Even in a tournament that bills itself as a showcase for first-time winners, Jim Carter's status is unique.

He's a Tucson Open champion who never had a title defense -- until now.

``I feel like I missed out on a lot last year when the tour changed the schedule,'' said Carter, who won the event in 2000 but then played in the Mercedes Championships last year because the PGA Tour moved Tucson from its usual late-February slot to mid-January.

He wasn't slumming, of course. The Mercedes is open only to champions from the previous year.

``It was great,'' Carter said. ``You know, knowing that you are a tour winner and you're in the tournament of champions. Just a nice feeling, great tournament. They really take good care of you, spoil you. I mean, gosh, you're in Hawaii. You're driving a Mercedes. It's good. Life is good.''

He was bothered by the wind the first day and shot a 7-over 80, but recovered with three consecutive 72s.

At the same time at Tucson National, Garrett Willis opened with a 1-under 71 and then shot 69-64-69 to beat Kevin Sutherland by a stroke to collect his first title in his first PGA Tour start.

Willis became the 11th player to win his initial championship in Tucson.

Carter, who parlayed his $540,000 check in Tucson into winnings of $964,346 two years ago, earned $345,926 in 2001 after making the cut 23 times but never finishing higher than a tie for 22nd.

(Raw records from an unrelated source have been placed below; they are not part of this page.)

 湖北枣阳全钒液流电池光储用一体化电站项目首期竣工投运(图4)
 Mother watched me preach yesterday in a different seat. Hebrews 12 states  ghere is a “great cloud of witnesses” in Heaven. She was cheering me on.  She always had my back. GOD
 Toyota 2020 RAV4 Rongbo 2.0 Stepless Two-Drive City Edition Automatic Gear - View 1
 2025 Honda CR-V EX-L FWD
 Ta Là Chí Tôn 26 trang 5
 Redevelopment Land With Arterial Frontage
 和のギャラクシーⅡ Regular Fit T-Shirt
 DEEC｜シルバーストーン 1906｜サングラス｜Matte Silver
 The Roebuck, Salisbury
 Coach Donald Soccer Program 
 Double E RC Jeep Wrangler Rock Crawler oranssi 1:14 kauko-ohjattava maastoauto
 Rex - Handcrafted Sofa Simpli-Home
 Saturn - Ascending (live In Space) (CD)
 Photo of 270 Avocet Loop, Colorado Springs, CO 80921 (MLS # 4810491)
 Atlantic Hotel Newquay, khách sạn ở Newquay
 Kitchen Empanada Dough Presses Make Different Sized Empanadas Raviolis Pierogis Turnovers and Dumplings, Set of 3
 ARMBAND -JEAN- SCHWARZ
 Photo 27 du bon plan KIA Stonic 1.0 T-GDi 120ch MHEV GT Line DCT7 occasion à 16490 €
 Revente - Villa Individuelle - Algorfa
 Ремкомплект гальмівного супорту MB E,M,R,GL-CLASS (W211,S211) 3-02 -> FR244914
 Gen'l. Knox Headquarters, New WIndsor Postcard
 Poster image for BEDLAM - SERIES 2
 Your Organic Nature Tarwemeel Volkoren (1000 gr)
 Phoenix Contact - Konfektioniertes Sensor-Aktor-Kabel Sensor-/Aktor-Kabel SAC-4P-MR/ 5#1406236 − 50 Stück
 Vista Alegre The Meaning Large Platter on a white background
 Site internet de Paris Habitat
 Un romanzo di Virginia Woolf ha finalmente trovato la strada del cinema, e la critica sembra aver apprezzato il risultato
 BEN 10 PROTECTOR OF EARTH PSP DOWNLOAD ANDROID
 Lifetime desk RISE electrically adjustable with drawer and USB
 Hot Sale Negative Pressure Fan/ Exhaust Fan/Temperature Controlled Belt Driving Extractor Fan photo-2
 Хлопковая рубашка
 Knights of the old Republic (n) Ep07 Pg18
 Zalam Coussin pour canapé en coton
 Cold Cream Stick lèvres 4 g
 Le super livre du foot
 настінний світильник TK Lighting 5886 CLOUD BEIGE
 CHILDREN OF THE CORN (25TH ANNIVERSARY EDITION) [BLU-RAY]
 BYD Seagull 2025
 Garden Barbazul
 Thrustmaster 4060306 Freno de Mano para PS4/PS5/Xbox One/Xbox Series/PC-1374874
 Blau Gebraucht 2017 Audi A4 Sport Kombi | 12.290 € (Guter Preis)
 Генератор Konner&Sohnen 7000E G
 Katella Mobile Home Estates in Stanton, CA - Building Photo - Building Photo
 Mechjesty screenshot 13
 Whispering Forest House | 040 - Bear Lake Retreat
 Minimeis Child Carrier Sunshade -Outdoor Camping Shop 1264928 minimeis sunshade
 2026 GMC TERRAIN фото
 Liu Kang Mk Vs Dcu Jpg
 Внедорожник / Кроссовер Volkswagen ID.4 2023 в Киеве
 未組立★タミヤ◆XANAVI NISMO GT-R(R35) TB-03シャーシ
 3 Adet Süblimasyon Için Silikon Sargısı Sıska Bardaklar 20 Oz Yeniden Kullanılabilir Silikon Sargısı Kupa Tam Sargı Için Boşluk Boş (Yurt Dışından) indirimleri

This year, he has pocketed $68,641 in five events to rank 98th, and he's back on the 7,109-yard National course looking for a fresh start.

Carter is the career money leader in the event, sponsored by Touchstone Energy, with $618,263 in 11 starts.

``I do feel like I'm defending here,'' Carter said. ``Not to take anything away from Garrett. It's good to be back, and I have good memories here.''

There are notables in the field -- 1999 winner Gabriel Hjertstedt, 1994 champion Andrew Magee and Spaniard Miguel Angel Jimenez, who joined the tour in 2000 after winning seven international titles.

But the biggest names will be marching along with the gallery as Jack Nicklaus and Johnny Miller, a four-time Tucson winner, will be following their sons.

Gary Nicklaus had a successful year on the tour two years ago, but had to attend qualifying school after finishing 169th in 2001. He tied for 13th to retain his card.

Andy Miller won a qualifying tournament to get into the Tucson field.